Beijing yesterday denounced what it called “violent interference” by US lawmakers critical of what they see as a worsening human rights environment in Hong Kong.
Congressional representatives introduced the “Hong Kong Human Rights and Democracy Act”, which appears designed to put pressure on the city -- and its pro-Beijing leader -- to withdraw a planned extradition law.
The bill threatens to remove Hong Kong’s status as a US special trading partner.
Some US lawmakers have “made irresponsible remarks about Hong Kong affairs and violently interfered in China’s internal affairs”, said Chinese foreign ministry spokesman Geng Shuang at a press briefing. “Relevant people in the United States (should) abandon the illusion of attempting to mess up Hong Kong,” he added.

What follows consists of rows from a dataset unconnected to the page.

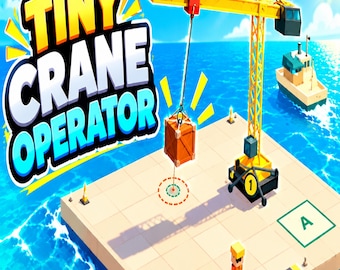 May include: A digital game graphic titled Tiny Crane Operator featuring a yellow construction crane on a platform over blue water. A wooden crate hangs from the crane hook above a target circle. A small character stands nearby.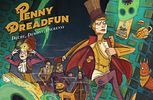 Penny Dreadfun: Duchy, Demony, Dickensy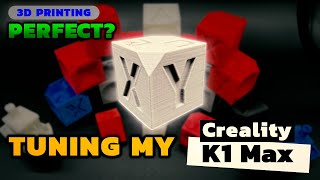 Creality K1K1 Max  Fine tuning for a perfect 3D printing [upl. by Laddy]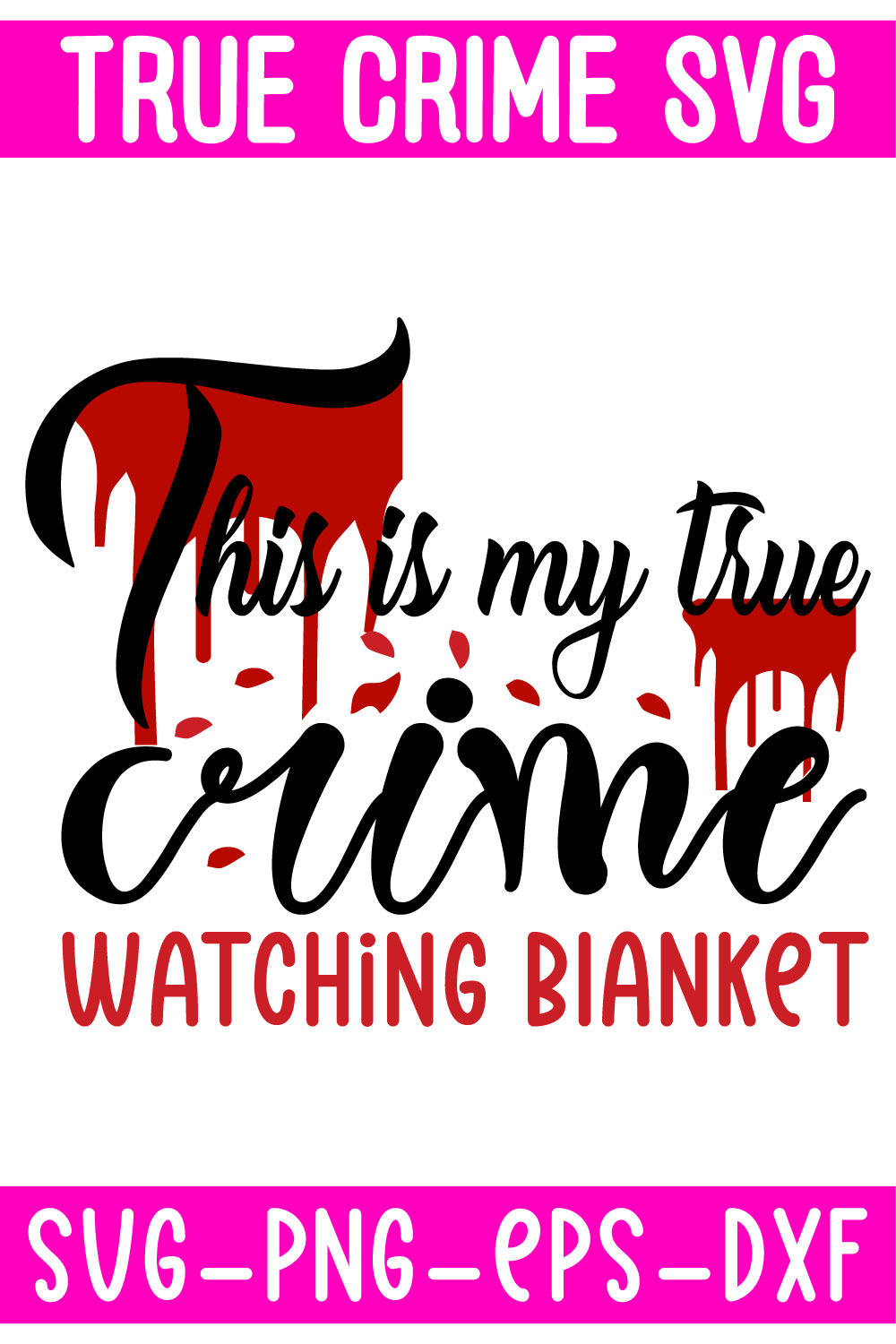 This is my true crime watching blanket svg.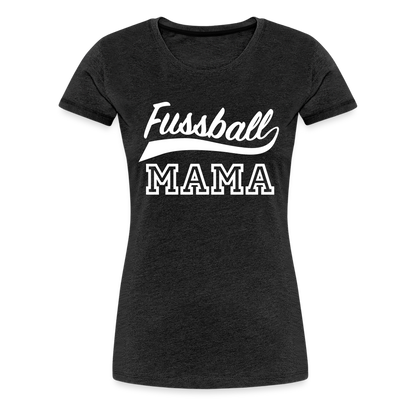 Frauen Premium T-Shirt Fußball Mama - Anthrazit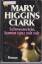 Higgins Clark, Mary: Schwesterlein, komm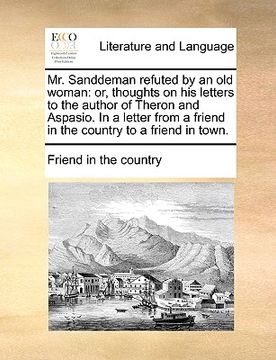 portada mr. sanddeman refuted by an old woman: or, thoughts on his letters to the author of theron and aspasio. in a letter from a friend in the country to a (en Inglés)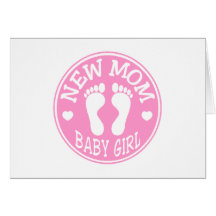 NEW BABY GIRL MOM CARD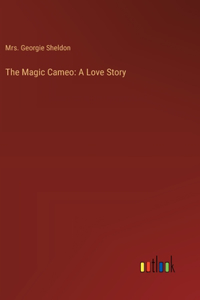 Magic Cameo: A Love Story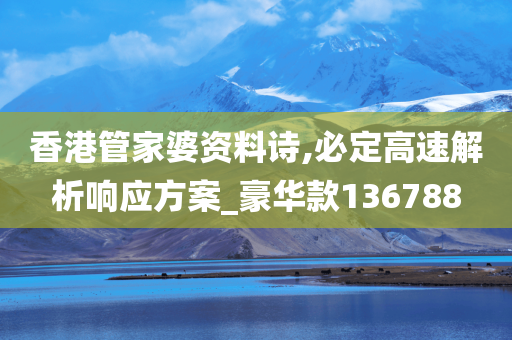 香港管家婆资料诗,必定高速解析响应方案_豪华款136788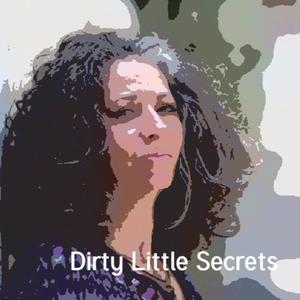 Dirty Little Secrets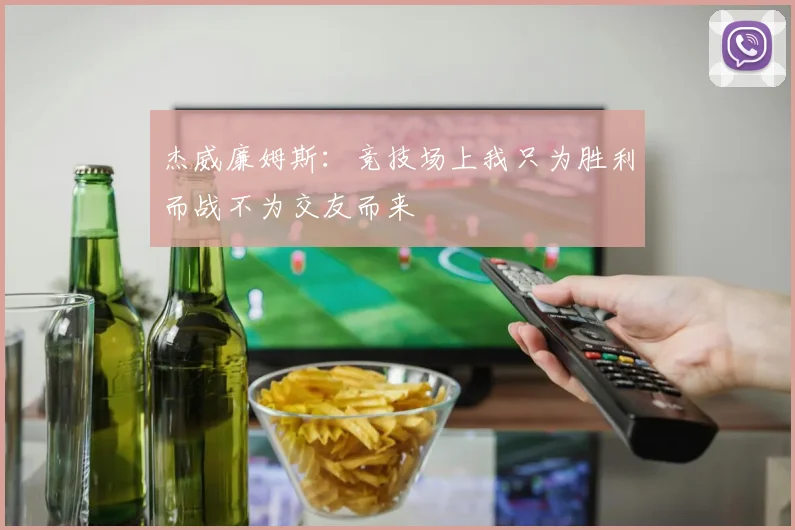 杰威廉姆斯：竞技场上我只为胜利而战不为交友而来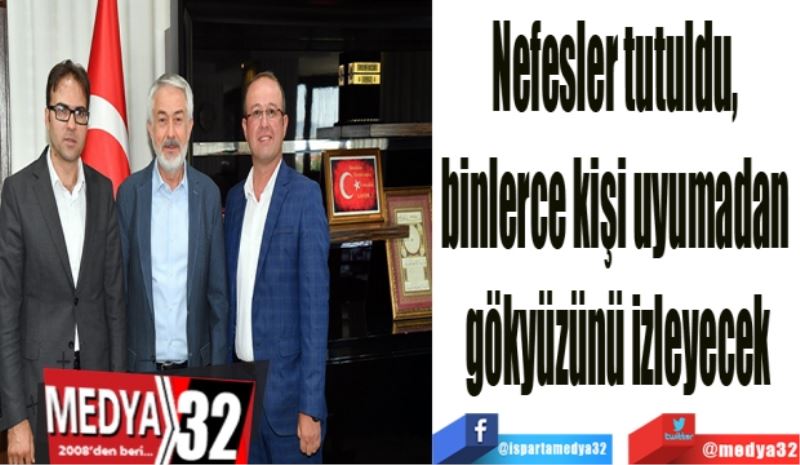 Nefesler tutuldu, 
binlerce kişi uyumadan 
gökyüzünü izleyecek
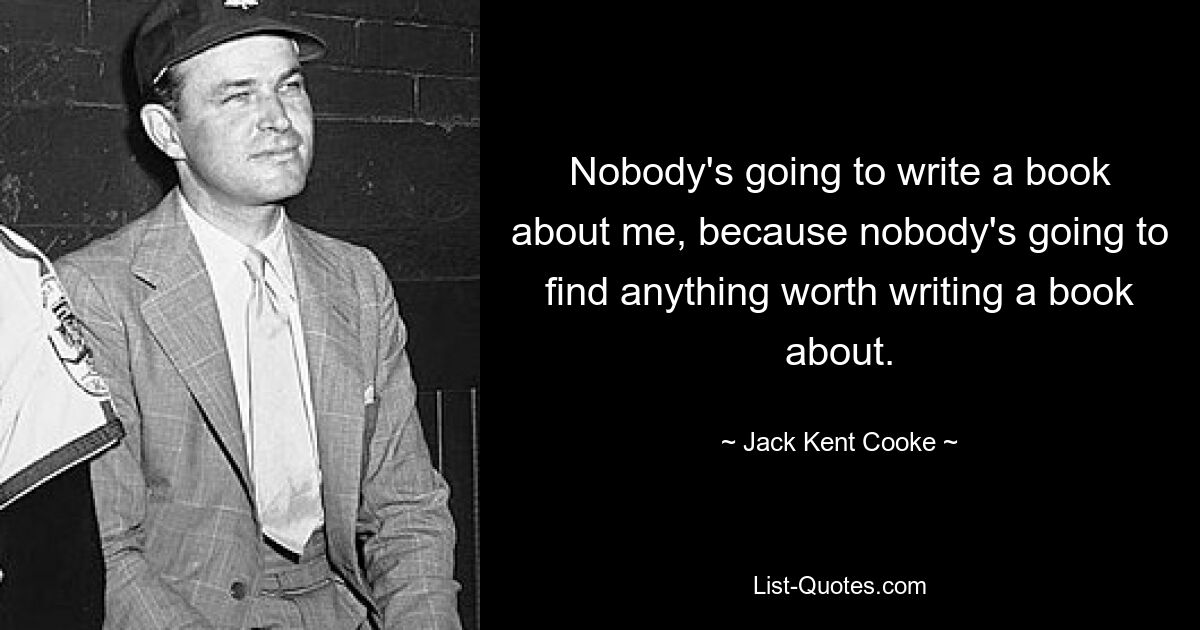 Nobody's going to write a book about me, because nobody's going to find anything worth writing a book about. — © Jack Kent Cooke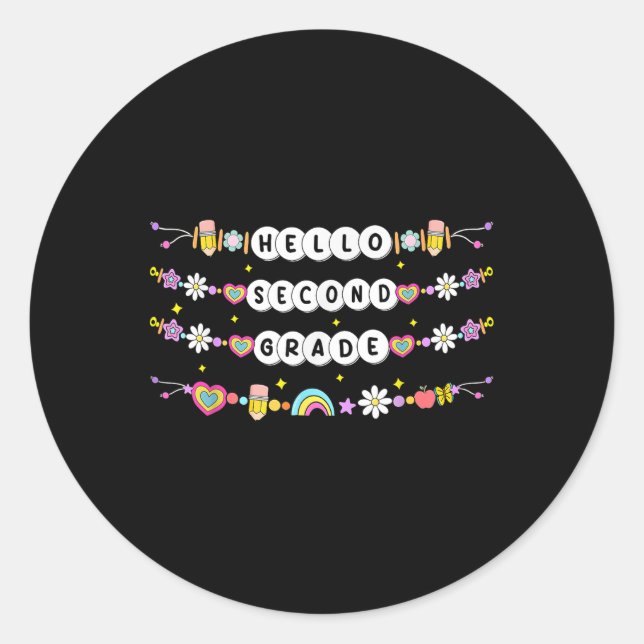 Hello Second Grade Friendship Bracelets Back To Sc Classic Round Sticker (Front)
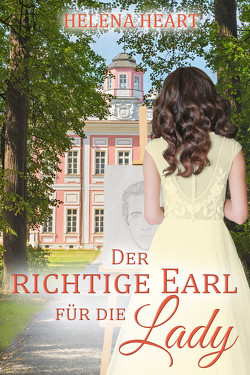 Der richtige Earl für die Lady von Heart,  Helena, Höfkens,  Hilga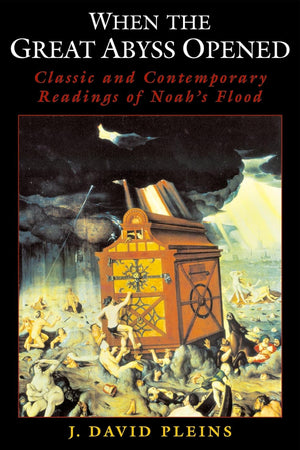 When the Great Abyss Opened: Classic and Contemporary Readings of Noah's Flood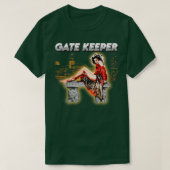 Ich bin der Gatekeeper T-Shirt (Design vorne)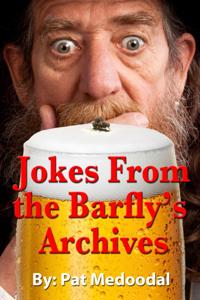 Jokes From the Barfly's Archives
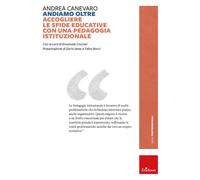 Andiamo oltre. Accogliere le sfide educative con una pedagogia is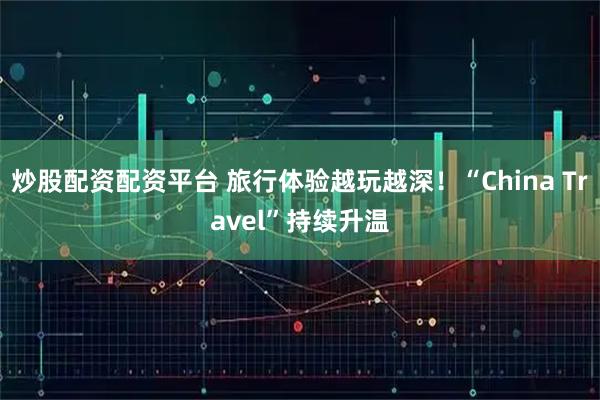 炒股配资配资平台 旅行体验越玩越深！“China Travel”持续升温
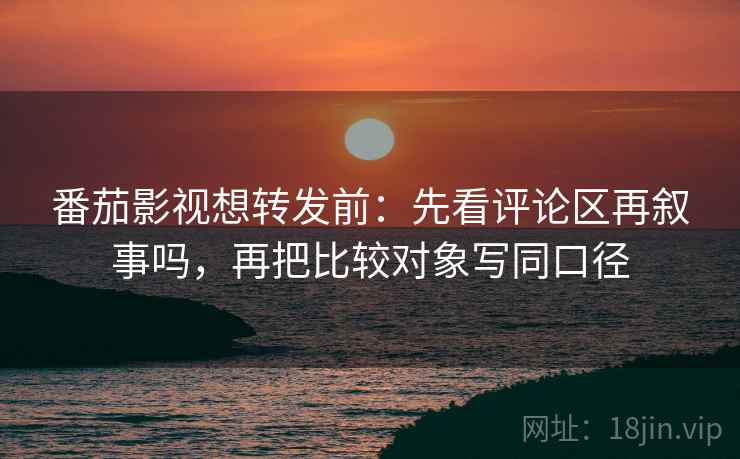 番茄影视想转发前：先看评论区再叙事吗，再把比较对象写同口径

Tens of thousands of demonstrators have taken to the streets of the semi-autonomous city this week to protest a deeply unpopular plan to allow extraditions to China.
On Wednesday, the international finance hub was rocked by the worst political violence since before its 1997 handover, as riot police fired tear gas and rubber bullets at protesters. Dozens were injured in the clashes, which have fuelled public anger. Another mass rally is planned for Sunday.
The city’s pro-Beijing leader Carrie Lam, who is facing mounting pressure to abandon the extradition legislation, has so far refused to meet protester demands to withdraw or scrap the bill.